*What you should do*. The records below should be printed once more, exactly as they appear.

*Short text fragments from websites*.

—————

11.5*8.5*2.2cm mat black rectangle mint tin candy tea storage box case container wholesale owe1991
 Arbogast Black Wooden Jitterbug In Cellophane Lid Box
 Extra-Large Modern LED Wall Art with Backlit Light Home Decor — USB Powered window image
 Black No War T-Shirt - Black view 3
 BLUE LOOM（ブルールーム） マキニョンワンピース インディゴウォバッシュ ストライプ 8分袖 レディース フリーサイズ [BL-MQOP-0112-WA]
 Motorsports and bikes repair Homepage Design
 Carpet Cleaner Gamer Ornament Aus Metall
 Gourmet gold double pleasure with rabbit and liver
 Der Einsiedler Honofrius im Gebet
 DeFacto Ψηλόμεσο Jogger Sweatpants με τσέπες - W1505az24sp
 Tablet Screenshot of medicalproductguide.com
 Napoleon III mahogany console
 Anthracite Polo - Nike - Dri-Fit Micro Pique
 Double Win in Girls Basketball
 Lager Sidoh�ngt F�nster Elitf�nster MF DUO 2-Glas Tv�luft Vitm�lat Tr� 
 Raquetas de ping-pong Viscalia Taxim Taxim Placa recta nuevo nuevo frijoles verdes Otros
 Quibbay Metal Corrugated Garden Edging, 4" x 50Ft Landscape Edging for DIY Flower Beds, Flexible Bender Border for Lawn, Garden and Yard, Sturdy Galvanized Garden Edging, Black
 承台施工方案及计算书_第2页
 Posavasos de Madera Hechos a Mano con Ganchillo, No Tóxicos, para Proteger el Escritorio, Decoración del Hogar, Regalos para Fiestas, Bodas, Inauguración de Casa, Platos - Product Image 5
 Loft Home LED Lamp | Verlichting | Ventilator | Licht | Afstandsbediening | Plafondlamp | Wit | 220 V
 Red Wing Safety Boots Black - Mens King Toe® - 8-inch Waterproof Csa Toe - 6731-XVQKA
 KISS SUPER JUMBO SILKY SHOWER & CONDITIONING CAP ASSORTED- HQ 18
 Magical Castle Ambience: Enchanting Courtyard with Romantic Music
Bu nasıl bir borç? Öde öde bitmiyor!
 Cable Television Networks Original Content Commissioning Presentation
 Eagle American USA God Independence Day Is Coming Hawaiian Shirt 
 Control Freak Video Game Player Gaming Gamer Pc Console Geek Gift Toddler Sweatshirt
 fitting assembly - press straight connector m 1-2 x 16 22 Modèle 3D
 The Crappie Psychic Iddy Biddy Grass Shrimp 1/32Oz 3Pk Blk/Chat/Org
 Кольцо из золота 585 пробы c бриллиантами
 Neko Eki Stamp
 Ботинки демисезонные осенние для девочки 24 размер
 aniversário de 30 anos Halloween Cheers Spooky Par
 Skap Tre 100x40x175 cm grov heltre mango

—————

*Your solution*.
11.5*8.5*2.2cm mat black rectangle mint tin candy tea storage box case container wholesale owe1991
 Arbogast Black Wooden Jitterbug In Cellophane Lid Box
 Extra-Large Modern LED Wall Art with Backlit Light Home Decor — USB Powered window image
 Black No War T-Shirt - Black view 3
 BLUE LOOM（ブルールーム） マキニョンワンピース インディゴウォバッシュ ストライプ 8分袖 レディース フリーサイズ [BL-MQOP-0112-WA]
 Motorsports and bikes repair Homepage Design
 Carpet Cleaner Gamer Ornament Aus Metall
 Gourmet gold double pleasure with rabbit and liver
 Der Einsiedler Honofrius im Gebet
 DeFacto Ψηλόμεσο Jogger Sweatpants με τσέπες - W1505az24sp
 Tablet Screenshot of medicalproductguide.com
 Napoleon III mahogany console
 Anthracite Polo - Nike - Dri-Fit Micro Pique
 Double Win in Girls Basketball
 Lager Sidoh�ngt F�nster Elitf�nster MF DUO 2-Glas Tv�luft Vitm�lat Tr� 
 Raquetas de ping-pong Viscalia Taxim Taxim Placa recta nuevo nuevo frijoles verdes Otros
 Quibbay Metal Corrugated Garden Edging, 4" x 50Ft Landscape Edging for DIY Flower Beds, Flexible Bender Border for Lawn, Garden and Yard, Sturdy Galvanized Garden Edging, Black
 承台施工方案及计算书_第2页
 Posavasos de Madera Hechos a Mano con Ganchillo, No Tóxicos, para Proteger el Escritorio, Decoración del Hogar, Regalos para Fiestas, Bodas, Inauguración de Casa, Platos - Product Image 5
 Loft Home LED Lamp | Verlichting | Ventilator | Licht | Afstandsbediening | Plafondlamp | Wit | 220 V
 Red Wing Safety Boots Black - Mens King Toe® - 8-inch Waterproof Csa Toe - 6731-XVQKA
 KISS SUPER JUMBO SILKY SHOWER & CONDITIONING CAP ASSORTED- HQ 18
 Magical Castle Ambience: Enchanting Courtyard with Romantic Music
Bu nasıl bir borç? Öde öde bitmiyor!
 Cable Television Networks Original Content Commissioning Presentation
 Eagle American USA God Independence Day Is Coming Hawaiian Shirt 
 Control Freak Video Game Player Gaming Gamer Pc Console Geek Gift Toddler Sweatshirt
 fitting assembly - press straight connector m 1-2 x 16 22 Modèle 3D
 The Crappie Psychic Iddy Biddy Grass Shrimp 1/32Oz 3Pk Blk/Chat/Org
 Кольцо из золота 585 пробы c бриллиантами
 Neko Eki Stamp
 Ботинки демисезонные осенние для девочки 24 размер
 aniversário de 30 anos Halloween Cheers Spooky Par
 Skap Tre 100x40x175 cm grov heltre mango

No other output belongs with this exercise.